Genetic Diagnosis in Hereditary Hemochromatosis: Discovering and Understanding the Biological Relevance of Variants.

Authors
Baas FS, Rishi G, Swinkels DW, Subramaniam VN
Journal
Clinical chemistry
Type
Journal Article, Research Support, Non-U.S. Gov't, Review
PMID
34402502
Read the original study →

Original abstract

BACKGROUND: Hereditary hemochromatosis (HH) is a genetic disease, leading to iron accumulation and possible organ damage. Patients are usually homozygous for p. Cys282Tyr in the homeostatic iron regulator gene but may have mutations in other genes involved in the regulation of iron. Next-generation sequencing is increasingly being utilized for the diagnosis of patients, leading to the discovery of novel genetic variants. The clinical significance of these variants is often unknown. CONTENT: Determining the pathogenicity of such variants of unknown significance is important for diagnostics and genetic counseling.
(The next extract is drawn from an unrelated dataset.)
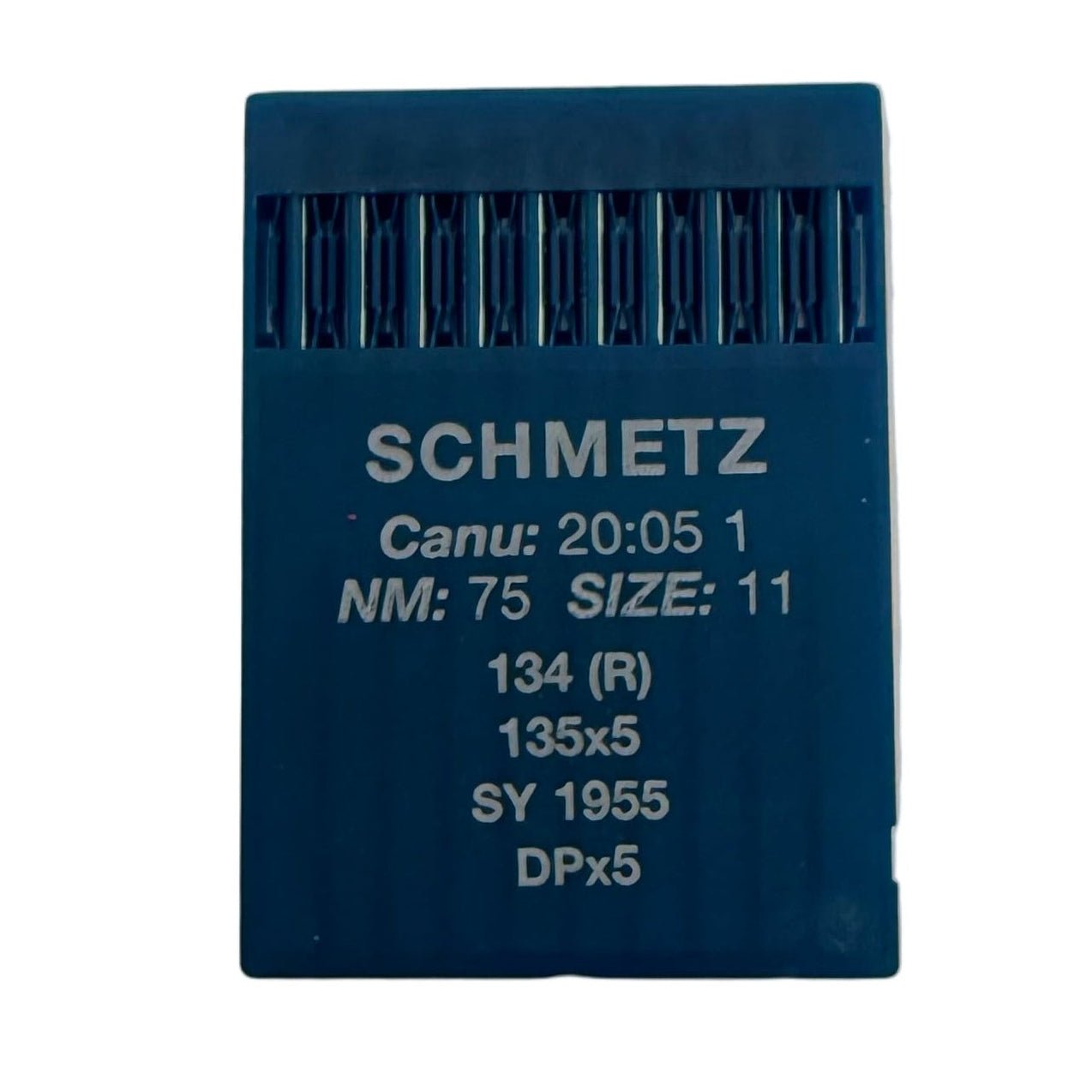 Image des aiguilles pour machines à coudre industrielles SCHMETZ DPx5 - universelles (10 pièces) – disponible chez Šarlotes audumi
Predictions can be made using in silico computational tools and population data, but additional evidence is required for a conclusive pathogenicity classification. Genetic disease models, such as in vitro models using cellular overexpression, induced pluripotent stem cells or organoids, and in vivo models using mice or zebrafish all have their own challenges and opportunities when used to model HH and other iron disorders. Recent developments in gene-editing technologies are transforming the field of genetic disease modeling. SUMMARY: In summary, this review addresses methods and developments regarding the discovery and classification of genetic variants, from in silico tools to in vitro and in vivo models, and presents them in the context of HH. It also explores recent gene-editing developments and how they can be applied to the discussed models of genetic disease.